Is the Homebase brand about to disappear?

Homebase has been a mainstay of the UK retail landscape for almost 40 years but it could soon disappear if owner Home Retail Group sells to Australian company Wesfarmers.

Home Retail Group confirmed yesterday (14 January) that it has been in talks with Wesfarmers about a bid for Homebase for around £340m. That deal would see Wesfarmers take on the entire Homebase business, including all its stores and distribution centres. Product brands owned by HRG including Habitat are not included but could be licensed by Wesfarmers for a year.

Wesfarmers is one of Australia’s biggest companies and owns, among others, supermarket brand Coles as well as department stores Target and Kmart.
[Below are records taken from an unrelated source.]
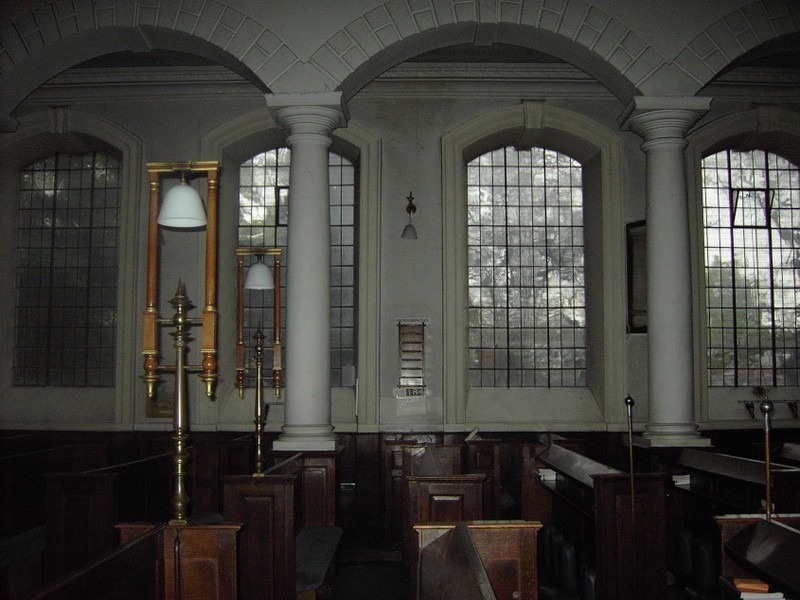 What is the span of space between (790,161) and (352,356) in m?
6.98

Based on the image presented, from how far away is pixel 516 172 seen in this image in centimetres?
1120

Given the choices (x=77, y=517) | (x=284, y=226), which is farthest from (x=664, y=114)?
(x=77, y=517)

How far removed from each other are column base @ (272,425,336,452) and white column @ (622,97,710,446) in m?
3.39

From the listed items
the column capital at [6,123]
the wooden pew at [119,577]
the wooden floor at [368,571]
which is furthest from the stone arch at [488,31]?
the wooden pew at [119,577]

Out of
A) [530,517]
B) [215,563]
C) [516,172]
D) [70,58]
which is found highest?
[70,58]

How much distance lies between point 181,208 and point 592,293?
7284 mm

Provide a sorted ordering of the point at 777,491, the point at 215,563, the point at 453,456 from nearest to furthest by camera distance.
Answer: the point at 215,563
the point at 777,491
the point at 453,456

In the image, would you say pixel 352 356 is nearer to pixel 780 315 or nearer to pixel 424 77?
pixel 424 77

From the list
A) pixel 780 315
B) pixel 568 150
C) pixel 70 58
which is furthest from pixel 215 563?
pixel 780 315

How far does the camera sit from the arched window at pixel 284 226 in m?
10.9

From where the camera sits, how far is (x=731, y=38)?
8.20 metres

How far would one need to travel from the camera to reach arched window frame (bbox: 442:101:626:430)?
10.1 meters

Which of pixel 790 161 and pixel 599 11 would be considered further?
pixel 790 161

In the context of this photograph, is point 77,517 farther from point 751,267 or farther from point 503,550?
point 751,267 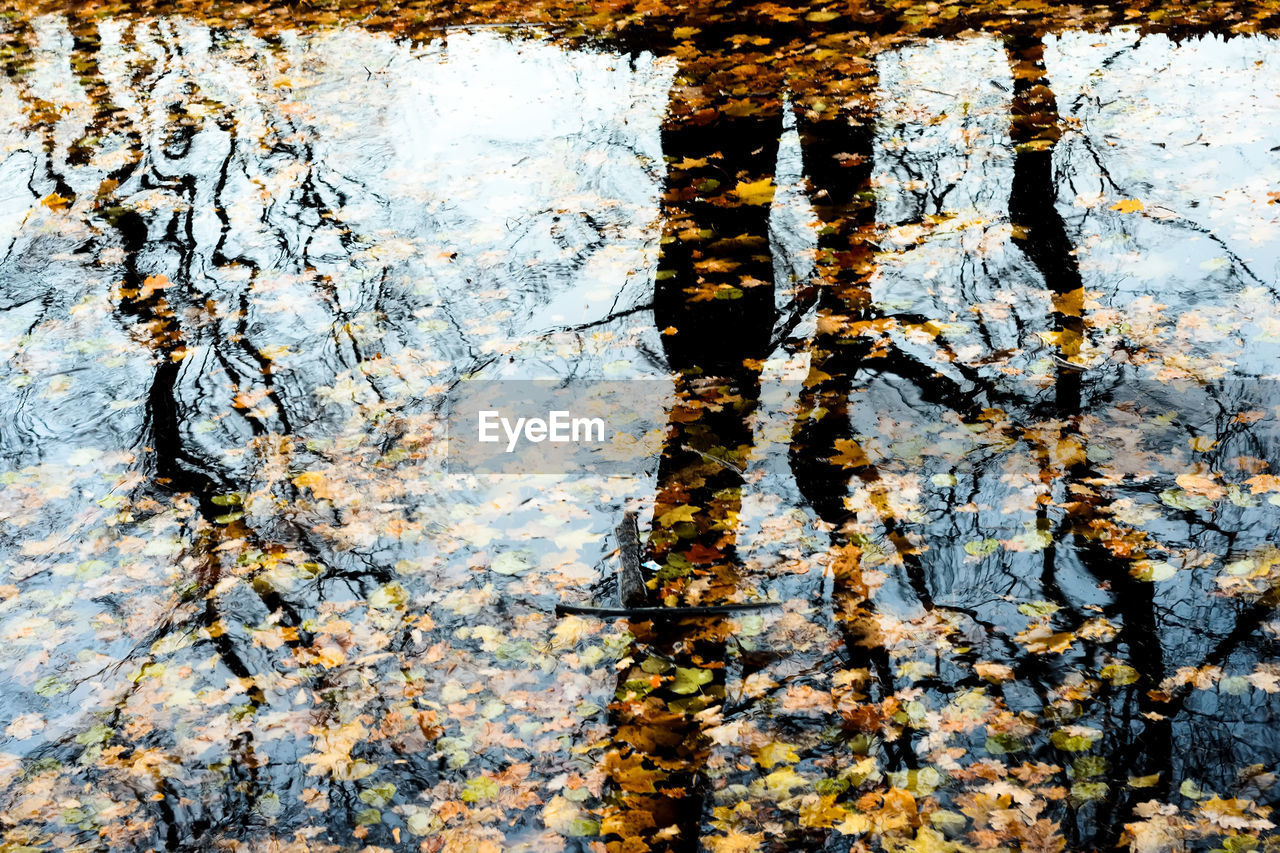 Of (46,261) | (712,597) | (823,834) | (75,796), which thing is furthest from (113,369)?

It is also the owner of Bunnings Warehouse, a home improvement and outdoor products retailer that sells to both commercial and personal customers in Australia and New Zealand.

It is the synergies with Bunnings that have made the Homebase purchase  desirable. Wesfarmers sees an opportunity to expand into the UK using the acquisition.

Getting rid of the homebase brand

Yet it apparently doesn’t plan to use the Homebase brand. Instead Wesfarmers wants to bring the Bunnings brand to the UK.

“The acquisition would be the first step in a programme which would invest in the Homebase team and reinvigorate core Homebase assets to build an exciting new Bunnings-branded business over three to five years,” Wesfarmers said in a statement.

“The existing Homebase performance will be enhanced in the short-term through operational improvement.”

Bunnings is a brand that no-one in the UK has heard of while Homebase has a near 40-year history in the country. Founded in 1979 by Sainsbury’s and Belgian retailer GB-Inno-BM, it now has more than 300 stores.

According to YouGov BrandIndex, awareness of the Homebase brand is above 90% among the British public and it is one of the top 10 ‘general retail’ brands.

That is not to say there are not challenges at the company. Homebase has been forced to sell off a number of unprofitable stores and invested in a number of rounds of cost-cutting.

Yet sales at established stores were up 5% over the crucial Christmas period.

The future of Argos

HRG believes the sale of Homebase is the “right step” for all parties. While cautioning that no deal has yet been finalised, CEO John Walden says: “This deal would represent good value for shareholders and a growth opportunity for the Homebase business and its colleagues.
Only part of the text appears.